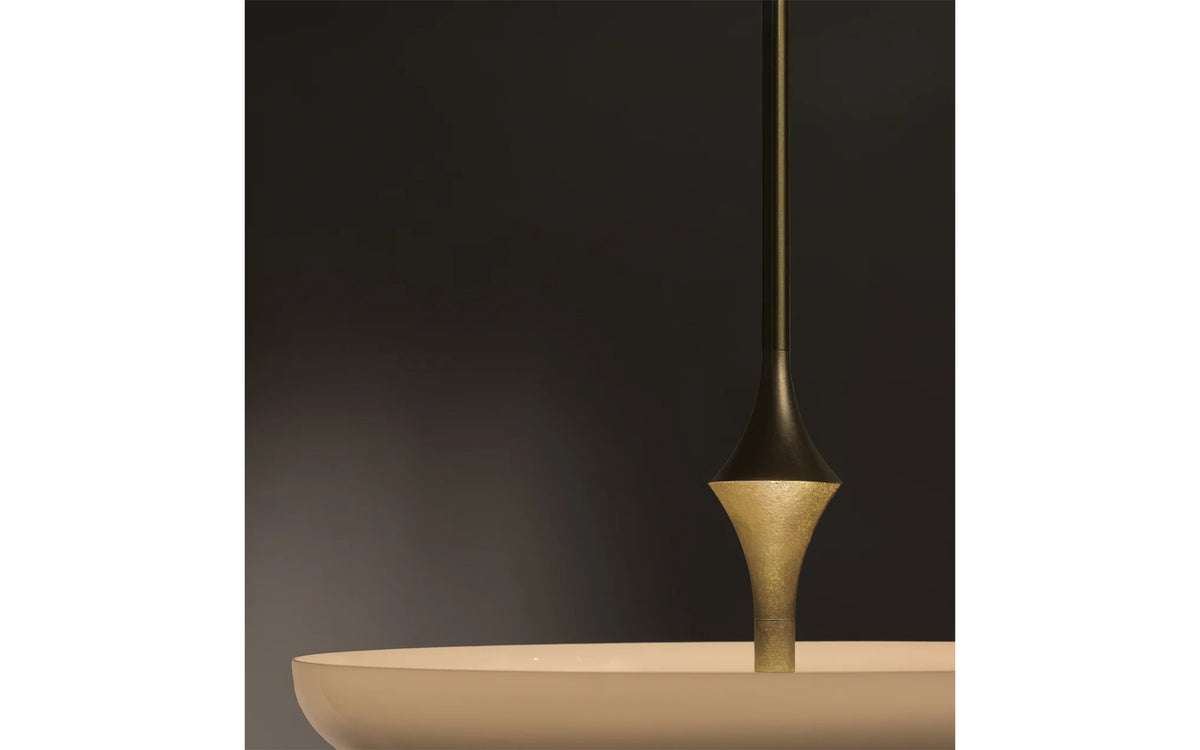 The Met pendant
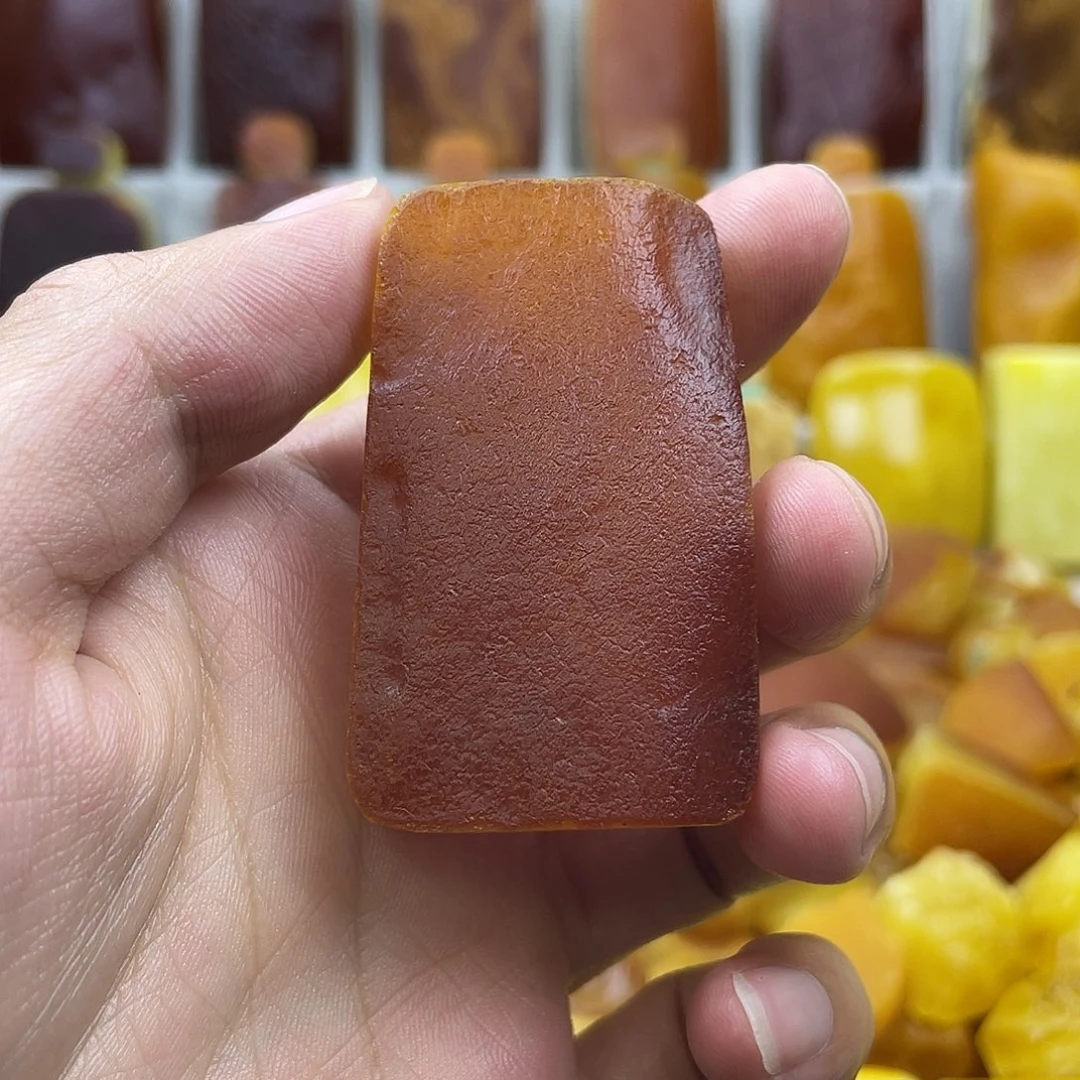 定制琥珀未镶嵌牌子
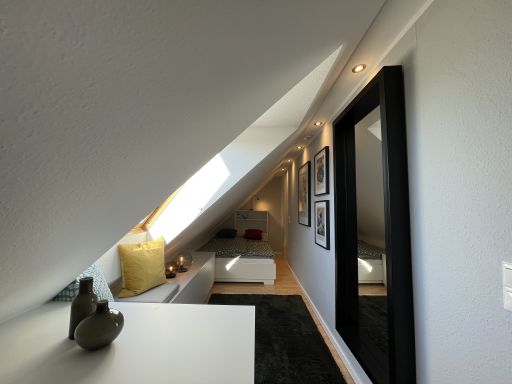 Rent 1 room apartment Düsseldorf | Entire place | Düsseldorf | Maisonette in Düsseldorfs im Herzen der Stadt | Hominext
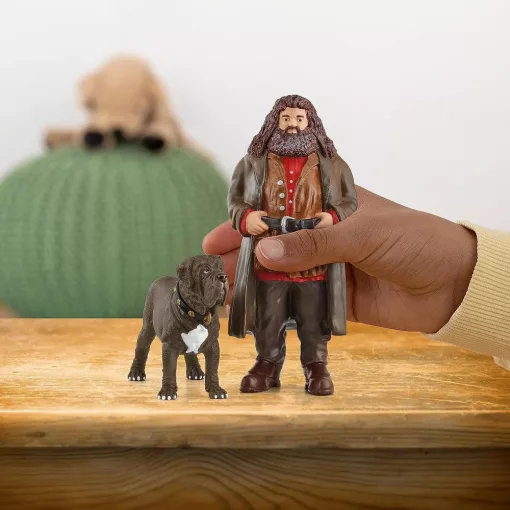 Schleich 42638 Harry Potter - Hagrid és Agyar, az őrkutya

┄┄┄┄┄┄┄┄┄┄

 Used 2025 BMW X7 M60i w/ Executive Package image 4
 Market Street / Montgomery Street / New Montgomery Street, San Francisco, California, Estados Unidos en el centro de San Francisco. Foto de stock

┄┄┄┄┄┄┄┄┄┄

## Task item
Using the listing above, reproduce word for word every line from the one containing "The Met pendant" through the one containing "Schleich 42638 Harry". Pictures must be left out.

## Result of this task
 The Met pendant
 定制琥珀未镶嵌牌子
 Rent 1 room apartment Düsseldorf | Entire place | Düsseldorf | Maisonette in Düsseldorfs im Herzen der Stadt | Hominext
 Schleich 42638 Harry Potter - Hagrid és Agyar, az őrkutya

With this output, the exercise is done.